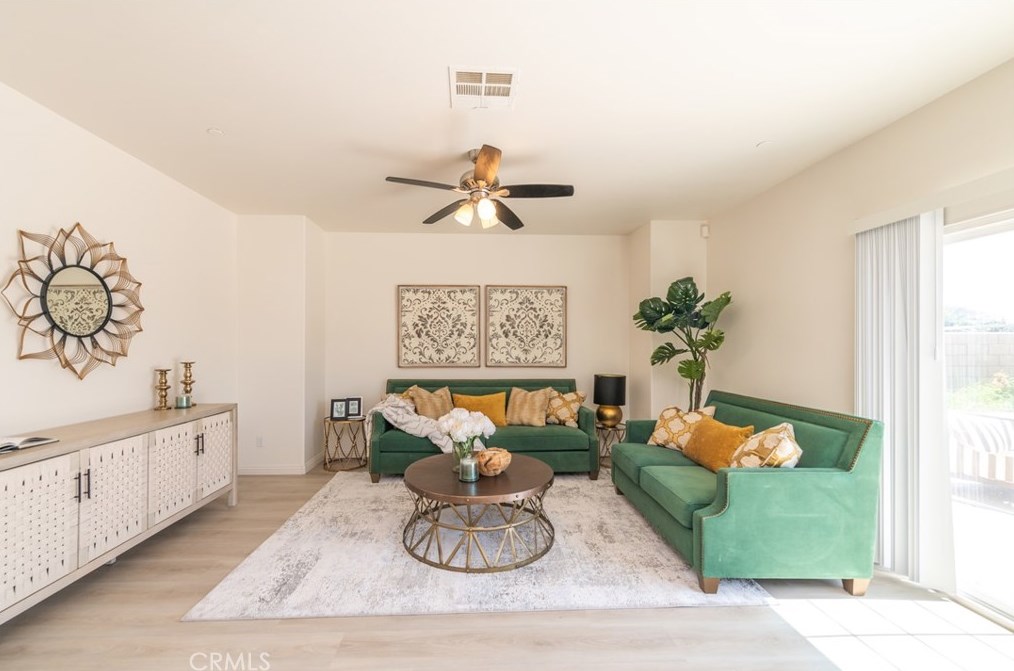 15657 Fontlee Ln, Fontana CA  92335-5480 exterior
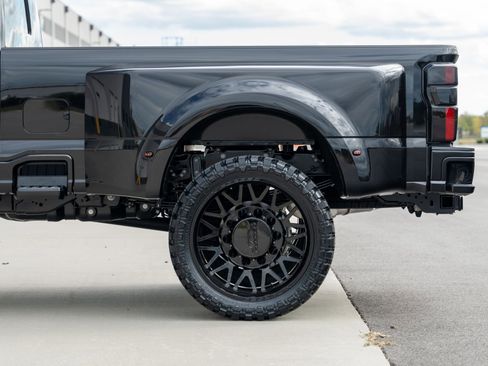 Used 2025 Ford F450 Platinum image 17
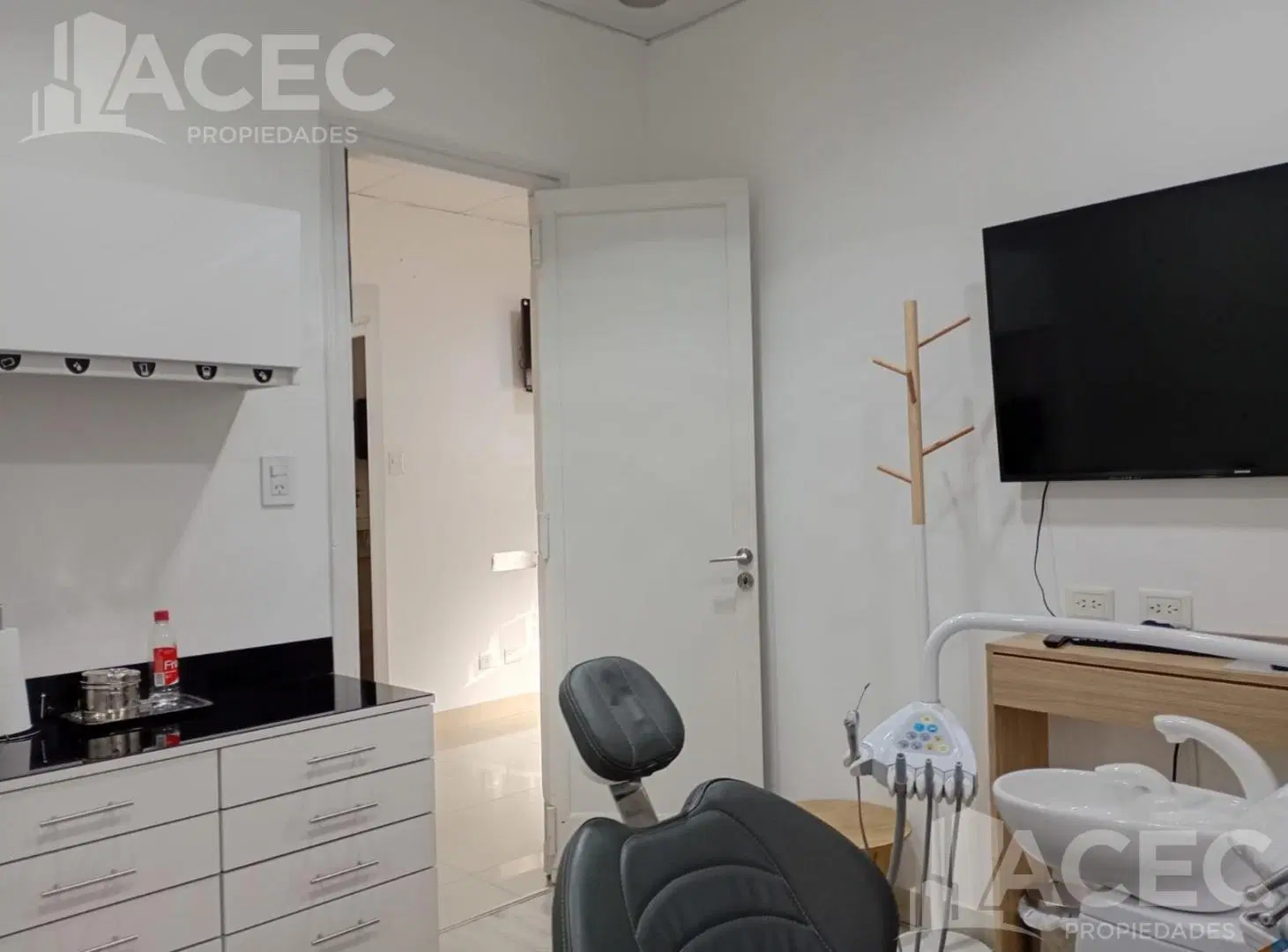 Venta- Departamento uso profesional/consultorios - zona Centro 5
==========
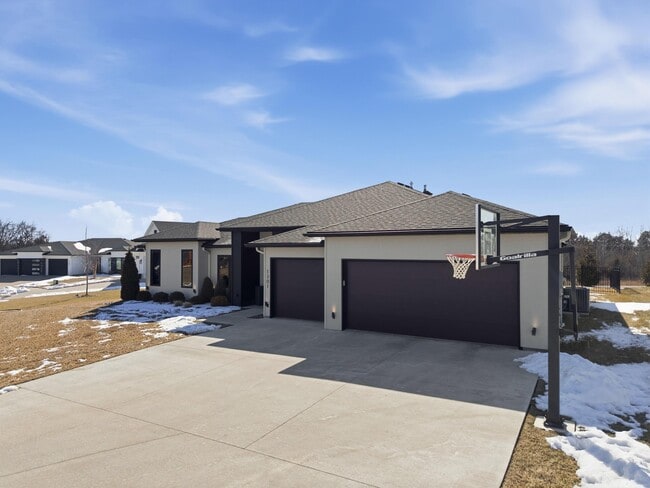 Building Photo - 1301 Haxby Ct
==========
**Requirement:**
Go to the line above that has "15657 Fontlee Ln, Fontana" and copy exactly from there down to the line that has "Venta- Departamento uso", both included. Leave the pictures out.

**Solution to the exercise:**
 15657 Fontlee Ln, Fontana CA  92335-5480 exterior
 Used 2025 Ford F450 Platinum image 17
 Venta- Departamento uso profesional/consultorios - zona Centro 5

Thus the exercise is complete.